The Craftwork coffee shops along Camp Bowie Boulevard and Magnolia Avenue won’t be called “Craftwork” for much longer.

Craftwork Coffee Co. — the Fort Worth-born brand that launched in 2016 and has recently begun shifting its business focus toward the hospitality industry — announced Monday it will sell its Camp Bowie and Magnolia stores to longtime team members, Katherine Morris and Joshua Tyer.

Tyer, the company’s director of coffee and head roaster, and wife Mary Hanna will take over the Camp Bowie location in mid-April. They’re renaming it Fort Worth Coffee Co., with plans to continue roasting for the shop as well as featuring guest roasters.

“We’re opening Fort Worth Coffee Co. because we love people, coffee, and this city,” Tyer said in a statement. “The core of our mission is to care for every person that walks through our doors with a great level of intentionality.”
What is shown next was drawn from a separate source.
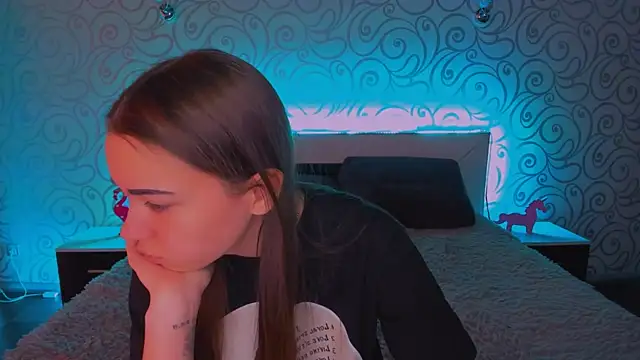 AlexaBarkley online show from December 17, 3:06 am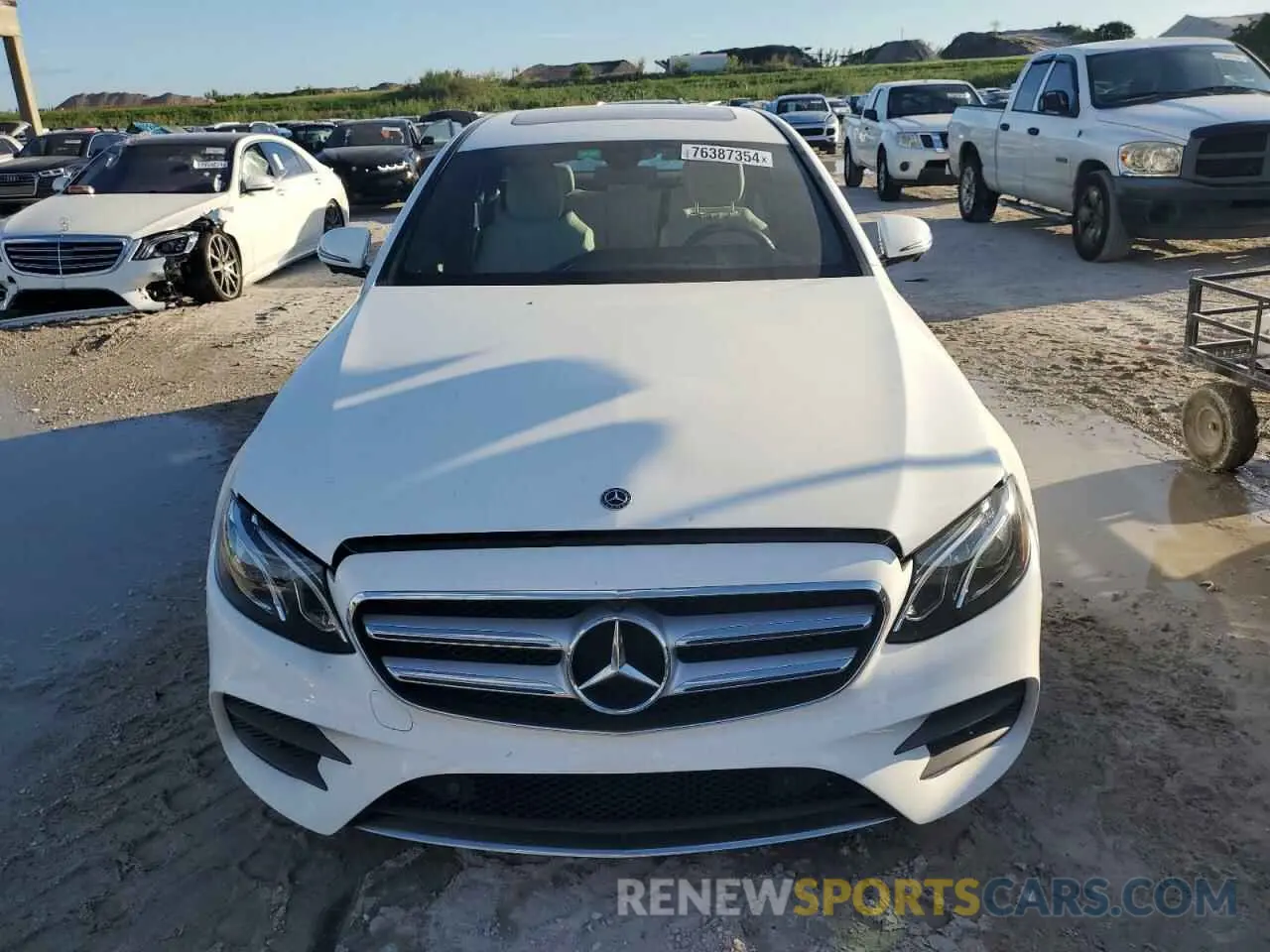 5 fotografías del automóvil dañado WDDZF4JB2KA643725 MERCEDES-BENZ E-CLASS 2019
Meanwhile, Morris, Craftwork’s director of operations, will take over the Magnolia shop starting in May. Magnolia, too, will operate under a new name — Cherry Coffee — and Morris also plans to launch a guest program that highlights female roasters.

“This is an opportunity to make my own mark in the small business community of Fort Worth, love our Magnolia and Near Southside neighbors, and support a team of wickedly talented baristas. I’m excited to have one shop, one team, and one concept to fully pour myself into,” Morris said. 

As for Craftwork, the brand will continue pursuing its new venture as Craftwork Hospitality Co., building cafés and also offering concierge services within apartment communities. The first of these concepts, Craftwork at The Cooper, opened last November inside The Cooper apartment complex at 1001 W. Rosedale Ave.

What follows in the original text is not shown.